Record excerpts -
══════════════════════════════
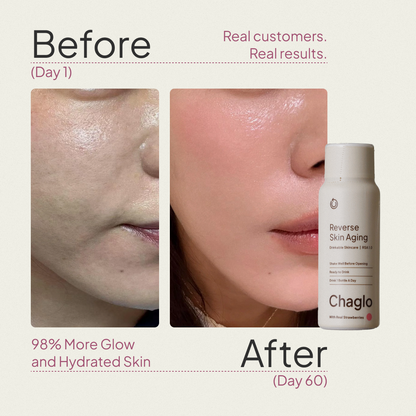 Reverse Skin Aging™: Next Gen Collagen + Antioxidants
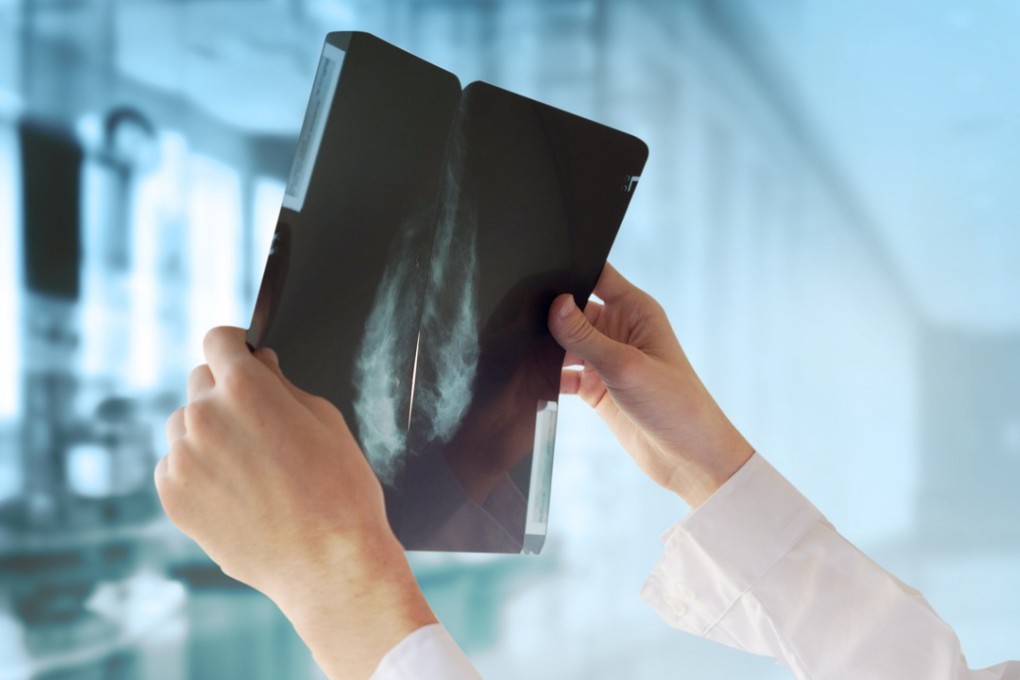 Types of the disease expected to see the biggest rise in Hong Kong included colorectal, breast and lung cancers.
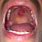 Lupus Mouth Sores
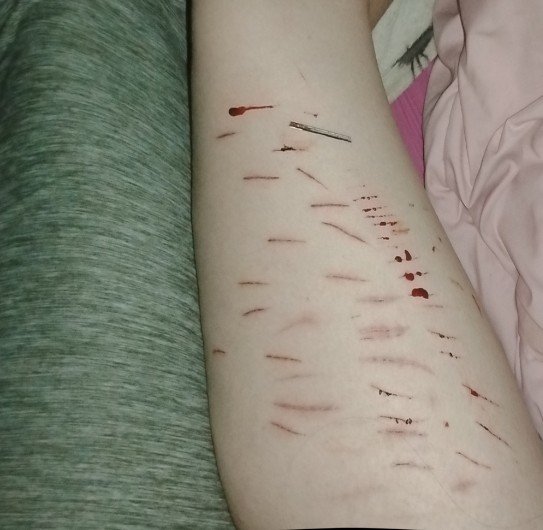 incoherent_l's tweet photo. Cat scratches.. Blade so dull ugh!!! 

AI!! FAKE AI AI AI ALL FAKE https://t.co/9pHfvlqSGs
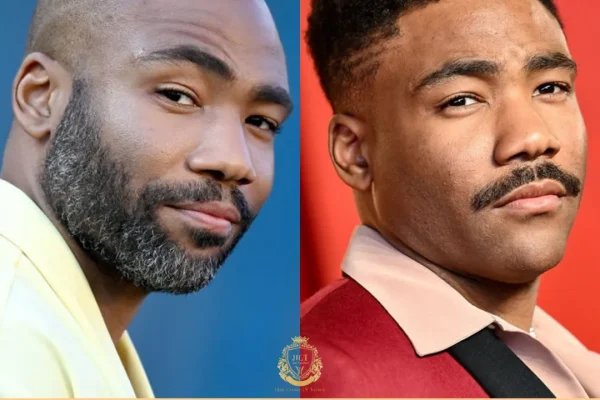 Donald Glover Haartransplantation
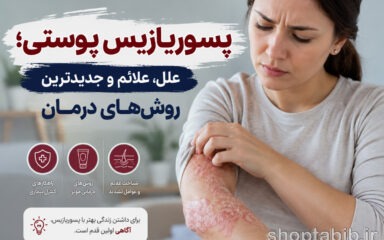 پسوریازیس چیست؟ از علائم و علت تا جدیدترین روش‌های درمان قطعی و کنترل بیماری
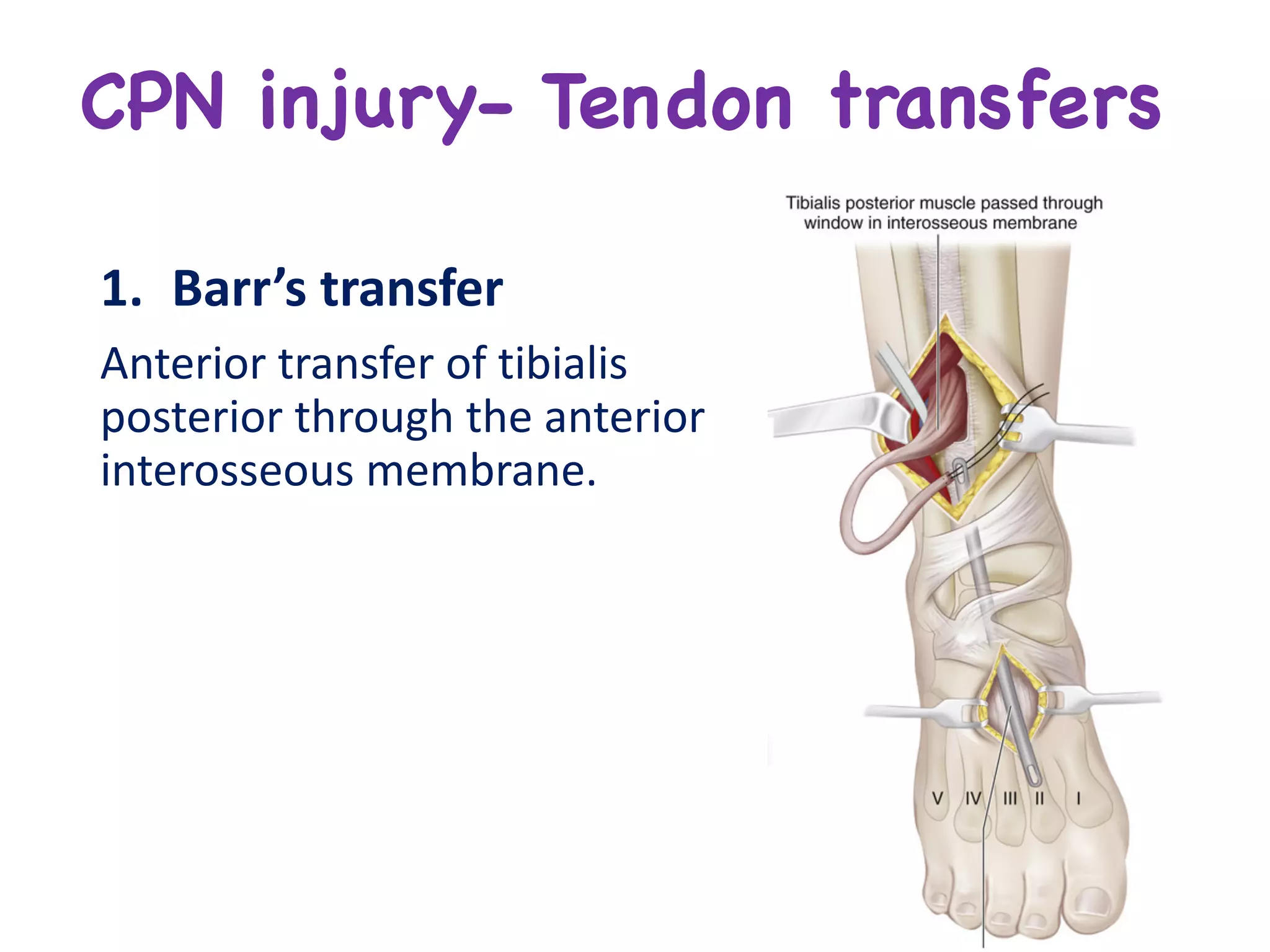 CPN injury- Tendon transfers
1. Barr’s	transfer	
Anterior	transfer	of	tibialis	
posterior	through	the	anterior	
interosseous	membrane.
 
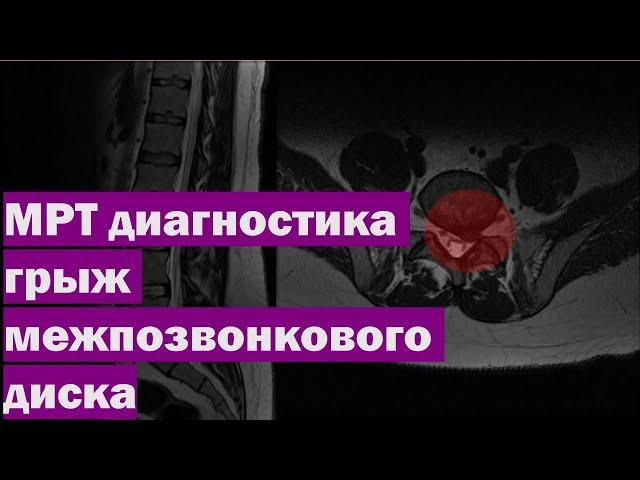 МРТ диагностика грыж межпозвонкового диска | Как выглядит грыжа на МРТ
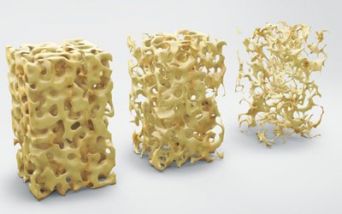 Osteoporosi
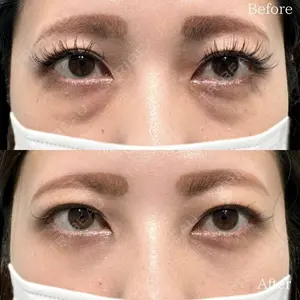 before image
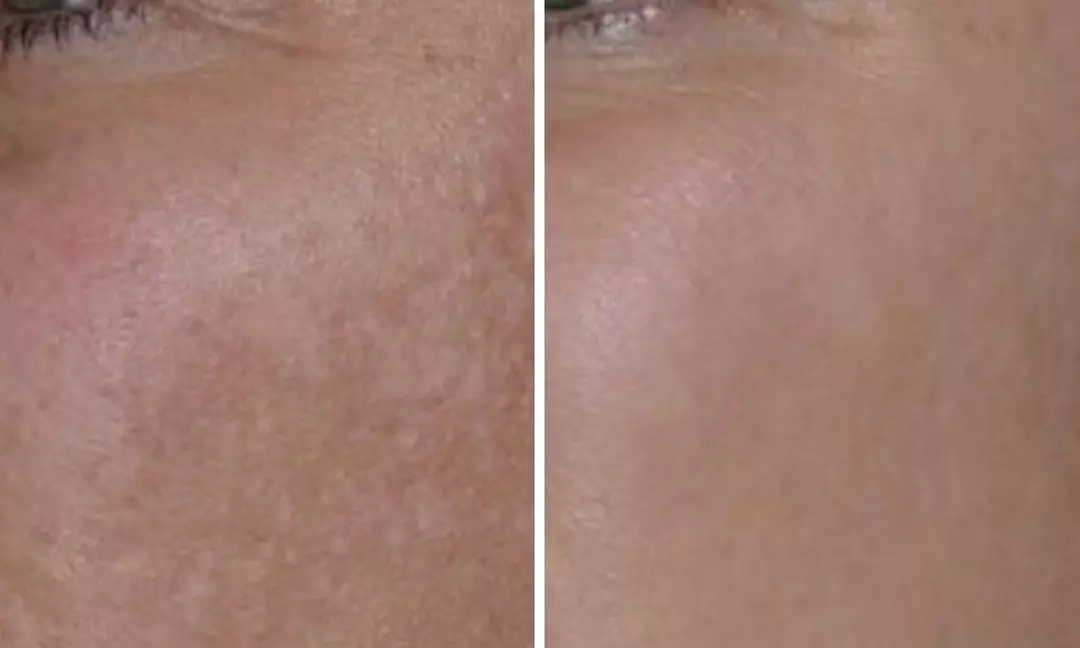 Up to 20% Off on Chemical Peel at Mimosa Spa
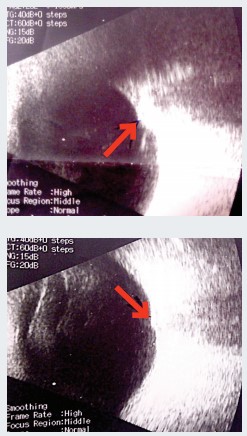 
			Аденома гипофиза и хиазмальный синдром. Часть 2. Методы лечения		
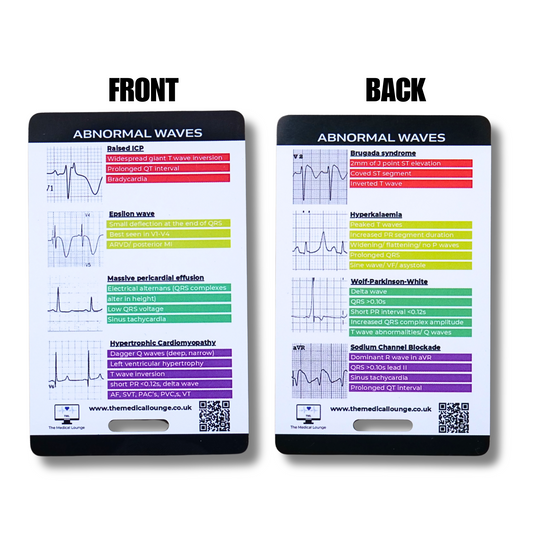 Abnormal ECG Wave Reference Card | 8 Rare ECG Patterns with Visual Descriptions | Pocket Guide for Paramedics, nurses and ECG Students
══════════════════════════════
Exercise directions -
Set down every entry above exactly as written, but skip the pictures.

Completed exercise -
 Reverse Skin Aging™: Next Gen Collagen + Antioxidants
 Types of the disease expected to see the biggest rise in Hong Kong included colorectal, breast and lung cancers.
 Lupus Mouth Sores
 incoherent_l's tweet photo. Cat scratches.. Blade so dull ugh!!! 

AI!! FAKE AI AI AI ALL FAKE https://t.co/9pHfvlqSGs
 Donald Glover Haartransplantation
 پسوریازیس چیست؟ از علائم و علت تا جدیدترین روش‌های درمان قطعی و کنترل بیماری
 CPN injury- Tendon transfers
1. Barr’s	transfer	
Anterior	transfer	of	tibialis	
posterior	through	the	anterior	
interosseous	membrane.
 
 МРТ диагностика грыж межпозвонкового диска | Как выглядит грыжа на МРТ
 Osteoporosi
 before image
 Up to 20% Off on Chemical Peel at Mimosa Spa
			Аденома гипофиза и хиазмальный синдром. Часть 2. Методы лечения		
 Abnormal ECG Wave Reference Card | 8 Rare ECG Patterns with Visual Descriptions | Pocket Guide for Paramedics, nurses and ECG Students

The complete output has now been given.